Epsilon non-Greedy: A Bandit Approach for Unbiased Recommendation via Uniform Data
This addresses bias in recommendation systems for users and platforms, but it is incremental as it builds on existing debiasing methods with a new training schema.
The paper tackles the self-feedback loop bias in continuously trained recommendation systems by proposing a framework that uses a small amount of uniformly collected data to learn an unbiased estimator and generate improved training data for subsequent iterations, demonstrating superiority over state-of-the-art debiasing methods in experiments.
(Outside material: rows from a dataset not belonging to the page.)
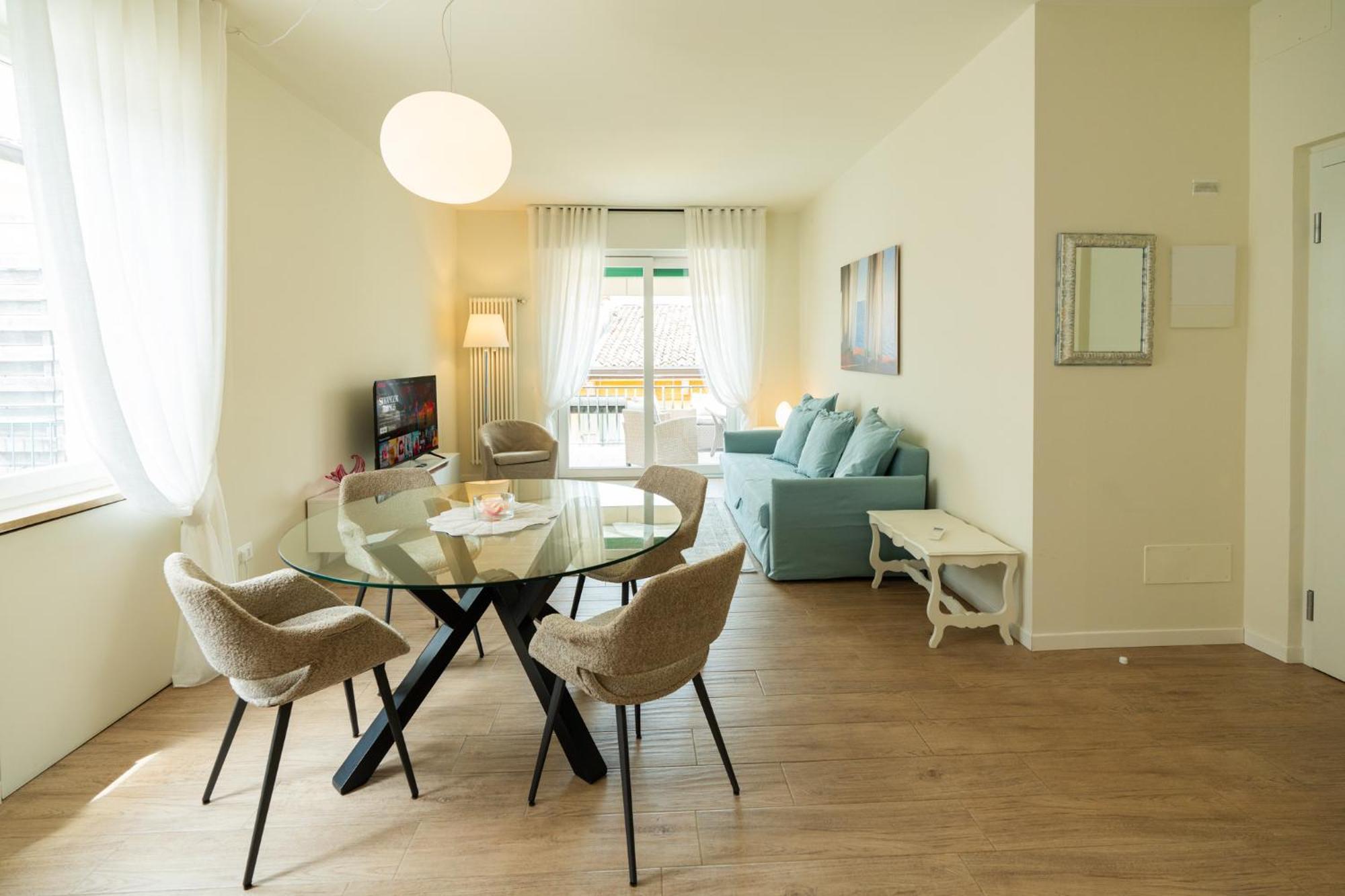 Domus Verona - Ampia Residenza Filippini A Pochi Passi Dall'Arena Екстериор снимка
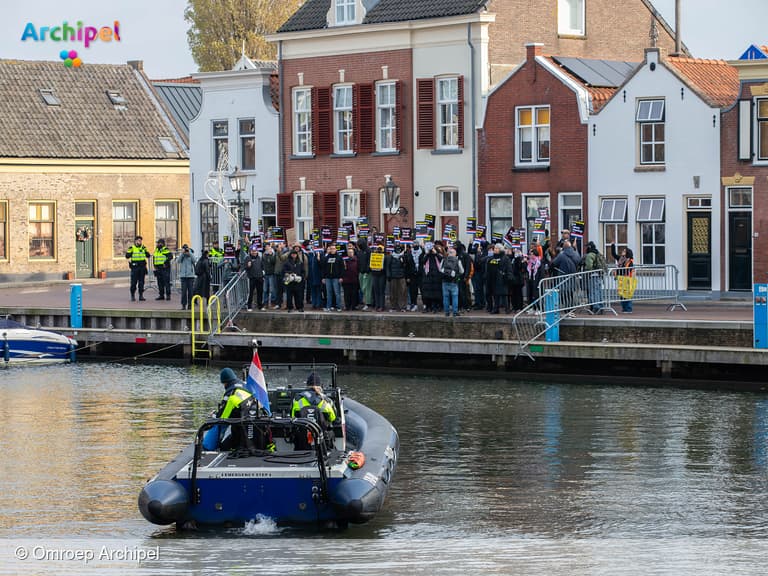 Sinterklaas veilig aangekomen in Middelharnis te midden van bijzondere sfeer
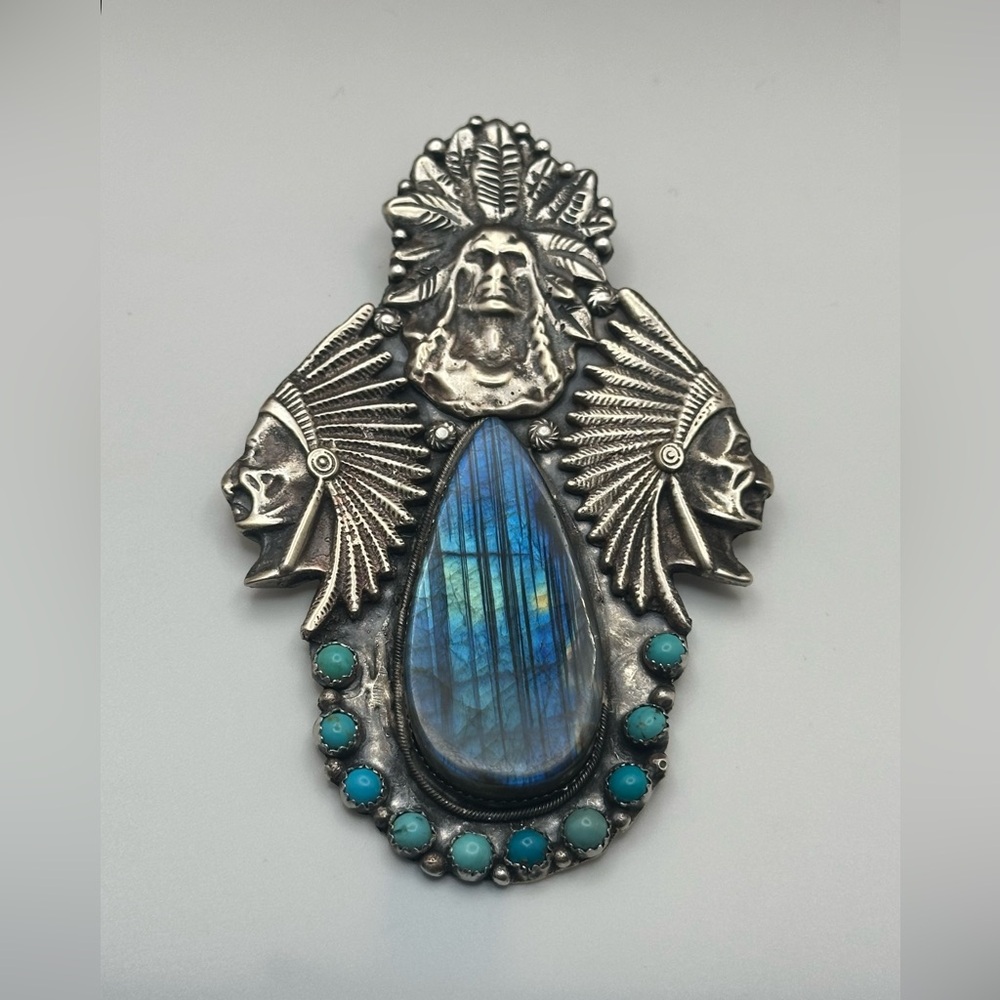 Navajo Richard Yazza 925 sterling silver labradorite Indian head chief pendant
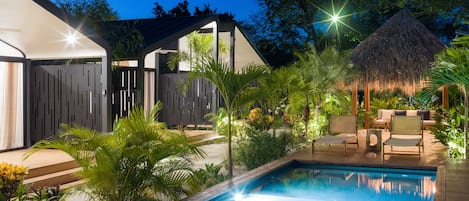 Bungalow, 2 Schlafzimmer, Terrasse, Gartenblick | Pool | Außenpool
Often, recommendation systems employ continuous training, leading to a self-feedback loop bias in which the system becomes biased toward its previous recommendations. Recent studies have attempted to mitigate this bias by collecting small amounts of unbiased data. While these studies have successfully developed less biased models, they ignore the crucial fact that the recommendations generated by the model serve as the training data for subsequent training sessions. To address this issue, we propose a framework that learns an unbiased estimator using a small amount of uniformly collected data and focuses on generating improved training data for subsequent training iterations. To accomplish this, we view recommendation as a contextual multi-arm bandit problem and emphasize on exploring items that the model has a limited understanding of. We introduce a new offline sequential training schema that simulates real-world continuous training scenarios in recommendation systems, offering a more appropriate framework for studying self-feedback bias. We demonstrate the superiority of our model over state-of-the-art debiasing methods by conducting extensive experiments using the proposed training schema.